Face à cette hégémonie des palettes neutres, une question cruciale se pose pour les créatifs, les designers, les publicitaires : comment être visible, identifiable et mémorables quand tout adopte les mêmes codes ? Dans un univers où la sobriété est la norme, se distinguer demande de repenser les leviers traditionnels de l’impact visuel. Si la couleur devient secondaire, il faut se réinventer dans les formes, les textures, les interactions.

Certains réagissent déjà. On voit apparaître des tendances « anti-minimalistes » : retour du brutalisme web, de la typographie expressive, des palettes plus saturées dans certaines campagnes mode ou culture.

Le cycle est peut-être en train de s’inverser. Comme souvent, le désintérêt pour une norme est le début de son effritement. Et si le retour des couleurs devenait le nouveau terrain de jeu des créatifs ?

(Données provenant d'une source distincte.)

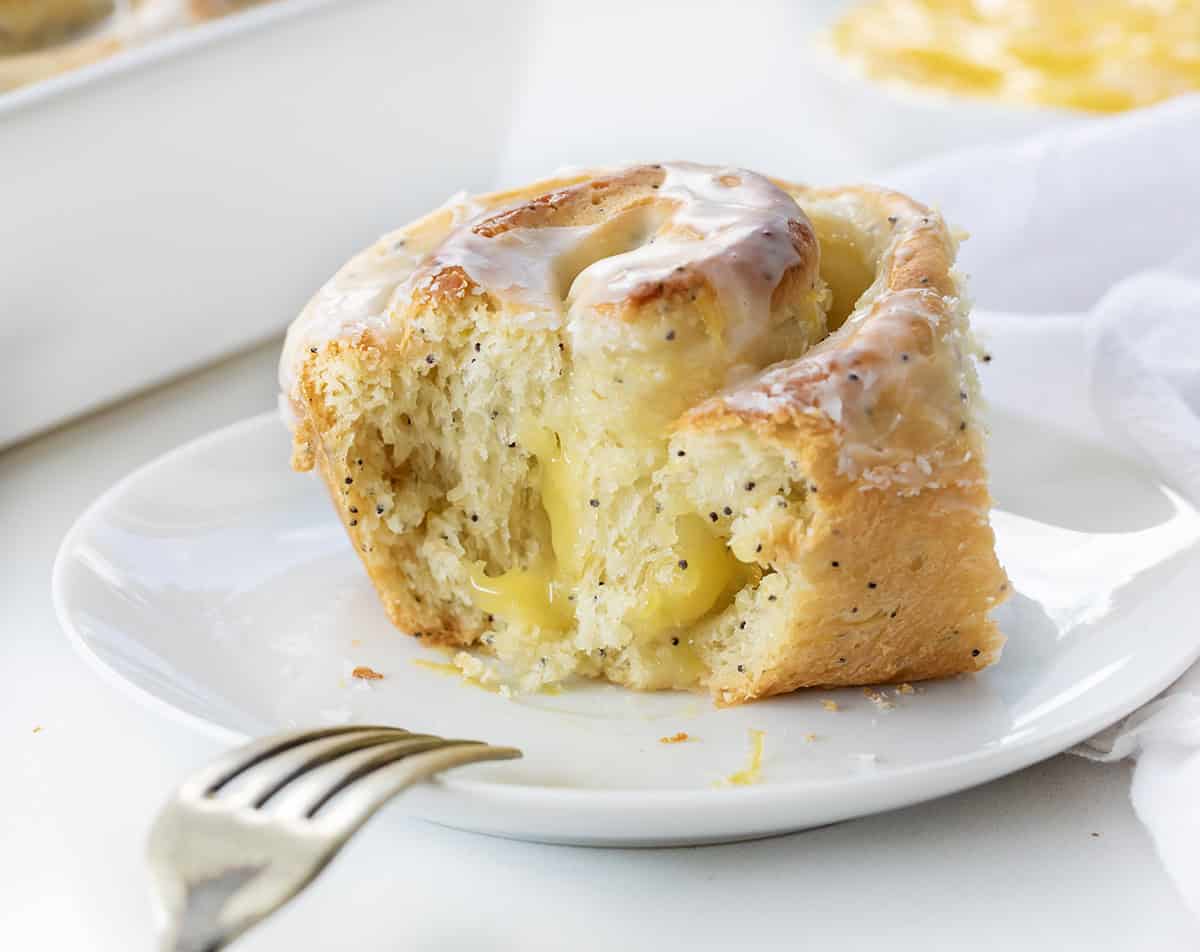 These Lemon Poppy Seed Rolls are soft, fluffy, sweet rolls filled with tangy lemon curd and topped with a light glaze that soaks into every bite! Lemon Poppy Seed Roll on a white plate with a portion of the roll removed showing inside texture.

En conclusion : moins de couleur, mais plus de questions

Ce glissement vers des teintes neutres n’est pas un simple effet de mode, mais bien le reflet d’un état d’esprit collectif. Il traduit nos priorités actuelles : la performance, l’optimisation, l’universalité. Mais cette désaturation visuelle soulève aussi une interrogation fondamentale : en cherchant la simplicité, ne sommes-nous pas en train d’appauvrir notre rapport au monde ?

Le monde est-il vraiment en train de devenir gris ? Peut-être temporairement. Le désir d’efficacité, de sobriété et d’universalité a été le moteur de ce mouvement, mais il pourrait aussi en être la limite. Car au-delà de la mode, les couleurs restent liées à nos émotions, nos cultures et nos mémoires.

Les marques, les designers, les architectes ont un rôle à jouer : celui de remettre de la nuance, de l’identité, et pourquoi pas… un peu de jaune, de rouge ou de vert dans notre quotidien visuel.